2006-09-13
QUARTA-CRESCENTE
Risoleta Pinto Pedro


AS TRETAS E O SUBLIME       



      […] A ideia baseia-se na noção tântrica fundamental, encontrada do sufismo ao budismo, de que, se se ingressar num estado inferior ou mesmo num estado profano com consciência clara, esse estado transformar-se-á na sua sabedoria correspondente. Se se entrar na paixão com consciência, encontrar-se-á compaixão. Se se ingressar na ira com consciência, encontrar-se-á clareza. E por aí adiante. […]

Ken Wilber,
Uma Breve História de Tudo



Onde é que eu quero chegar com isto? É sobre uma conversa a propósito de tretas.

Um dia disseram-me:

- Tretas!

Eu ocupava-me de coisas banais, perecíveis. De mortais. Muitas vezes me ocupo desse tipo de coisas. Nem sempre podemos ser grandiosos (uf!, graças a Deus!, que cansaço!) ou entregarmo-nos a projectos nobres, vivermos ideais, cerimónias solenes, subir a pódios, merecer o aplauso, lidar com o sublime. Pois é, às vezes são mesmo as tretas que nos aguardam à saída do Nobel. Às vezes temos de fazer acordos com o banal, assinar pactos com a matéria, fechar os olhos à imperfeição do mundo, dar a cara por aquilo que não nos reflecte mas que foi o possível, gastar os nossos preciosos dias, os nossos minutos galopantes, em questões quotidianas, anónimas, deslizantes, subterrâneas, sólidas, densas, mesquinhas até, no sentido que podemos encontrar no episódio d’Os Lusíadas sobre Inês de Castro, a tal “mísera e mesquinha”.

Cadenciadamente, como as marés, alternamos (Os que têm sorte… Ou os que têm menos sorte do que os que têm mais sorte? Ou os que têm mais sorte do que os que têm sorte? Esperem lá, repitam lá isto outra vez…) entre o sublime e o pequeno. Assim nos salvamos da arrogância do ídolo, do declínio da montanha, da depressão de quem desce do pódio, da solidão do que já foi aplaudido, da queda do herói, da loucura do chefe, dos louros que nos estonteiam. São as palavras que nos iludem, são as tretas que nos salvam. De nós.

A nossa glória consiste em não sucumbirmos à treta da nossa miséria. E transportarmos até ao último momento a miséria de sermos seres que se movem para um fim e não nos deixarmos acabrunhar por isso. Se assim for, talvez aconteça… a transcendência. Talvez no último minuto (talvez antes…) nos nasçam asas. Uma possibilidade de atingirmos a transcendência será aceitarmos a condição de mortais com dignidade e estilo: como deuses.

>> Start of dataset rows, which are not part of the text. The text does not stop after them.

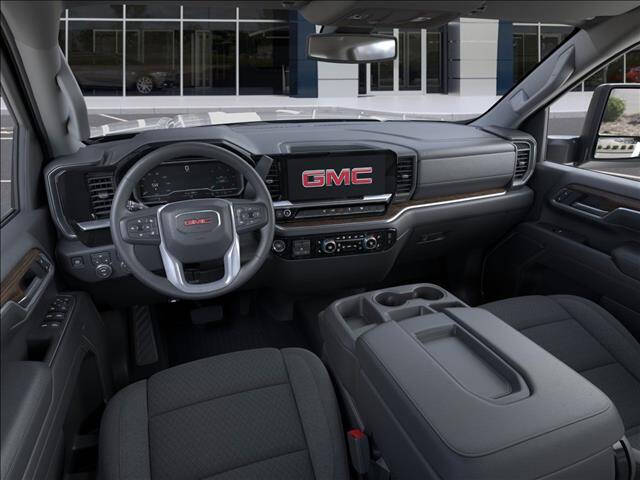 2026 GMC Sierra 2500HD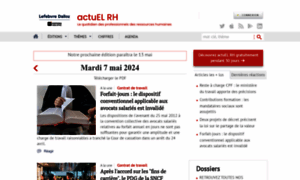 Actuel-rh.fr thumbnail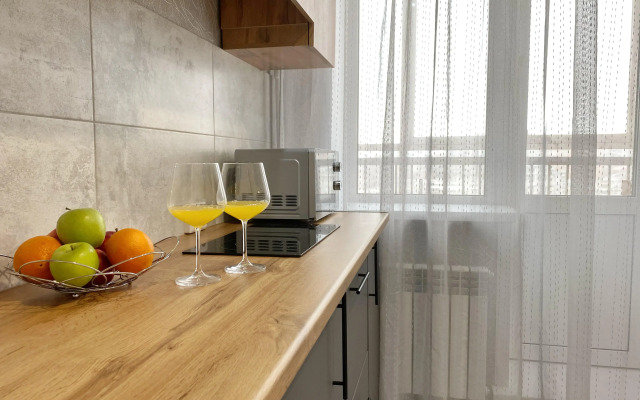 Konstantinov Apartments Na Mihaila Kulagina Flat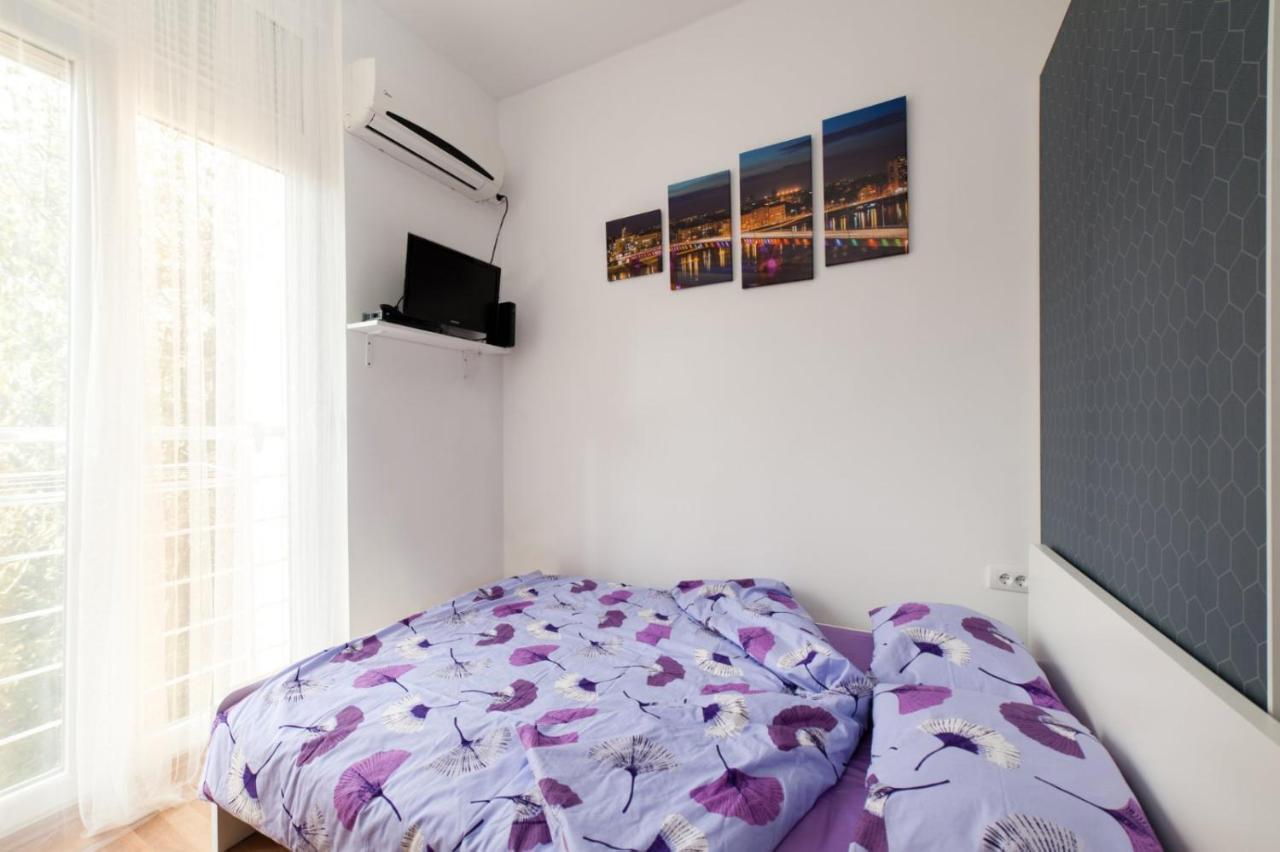 Mia Apartment Novi Sad Exteriér fotografie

Afinal, ser Deus não é nada de especial. Ser mortal é que é realmente difícil. Tão difícil que o vejo como uma tarefa para… deuses!

Foi através de nós que Deus se ofereceu a experiência da dor sem a qual não seria nunca completo.

É o pé que não recusando o concreto, o quotidiano e o banal, mas aceitando-o com uma “consciência clara”, ousa saltar sobre o abismo, aquele que pode transformar-se em asa e aprender a voar. O outro continuará a arrastar a corrente… da nobreza, da glória, do sublime. Da escravidão.